Despite the sensitivity of many to attorney fees, it is not uncommon for attorneys to have to send multiple reminders to clients. When numerous reminders are required, the attorney time adds up and you might expect a larger bill.

Late instructions also lead to additional costs. The patent application process involves numerous deadlines, such as deadlines to respond to examination reports. Even though most of these deadlines are known months in advance, it is not uncommon for attorneys to receive their clients’ instructions at the very last minute. Last minute rushes are highly inefficient – an attorney who is working late into the night due to last minute instructions will not be at their best and will likely be without the assistants available to them during the day.

Just like the brief of step 3, crisp, clear and complete instructions during the patenting process will also minimise costs. A good patent attorney will make clear the information that they require from their clients. Nonetheless, it is not uncommon for attorneys to receive partial responses to their questions, leading to long and costly exchanges whilst the attorney tries to “extract” the information needed. If you are not sure what your attorney is asking for, say so, or pick up the phone – but don’t just ignore the question!

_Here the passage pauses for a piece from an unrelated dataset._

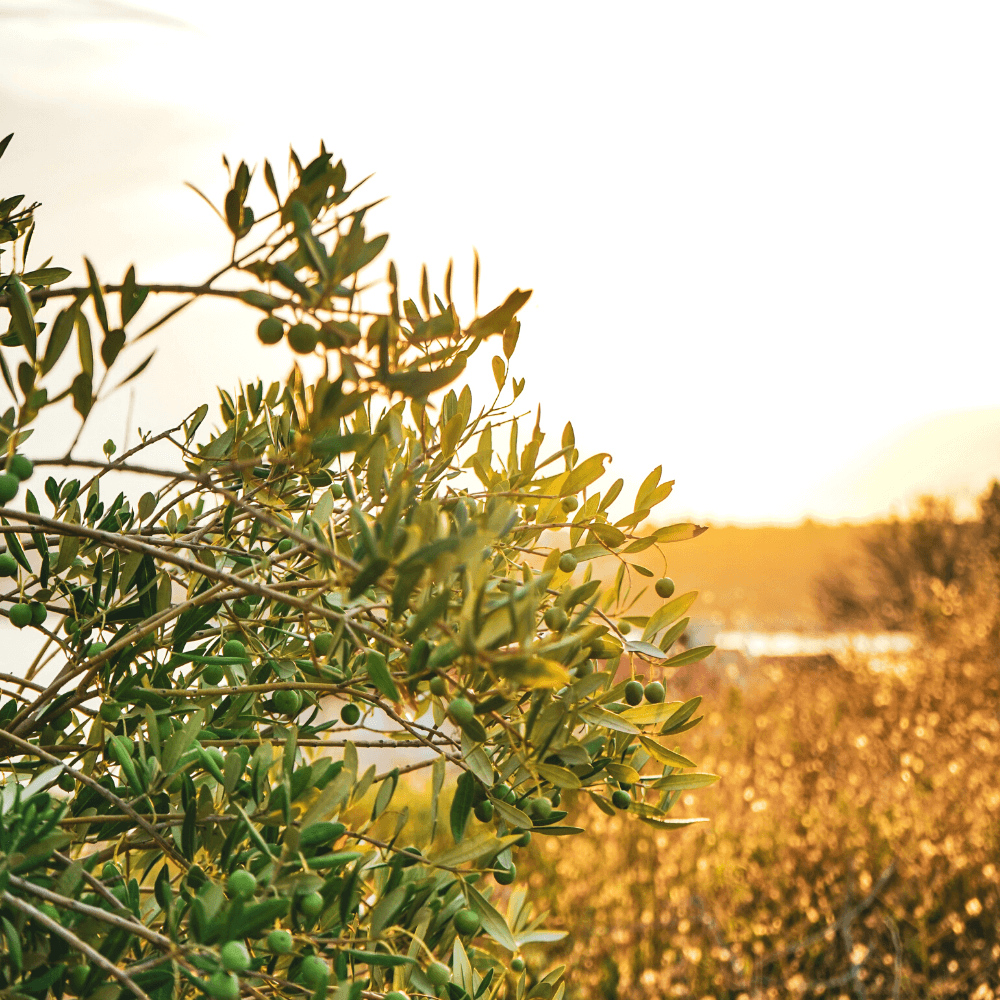 Olive Oil Farming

Step 7 – Trust your attorney (or find a new one)

From time to time, your attorney may provide advice that you don’t agree with, e.g. “we are not confident of securing effective patent protection for this invention because…”.  It is always appropriate to discuss any concerns that you have with your attorney, but don’t let this turn into a long-winded debate. 

Debating with your attorney is a pointless exercise. It won’t change whether your invention is patentable. If, after discussing your concerns with your attorney, you still believe they have got it wrong, it is probably time for a second opinion or a new attorney – there is no point continuing to pay for advice you don’t value.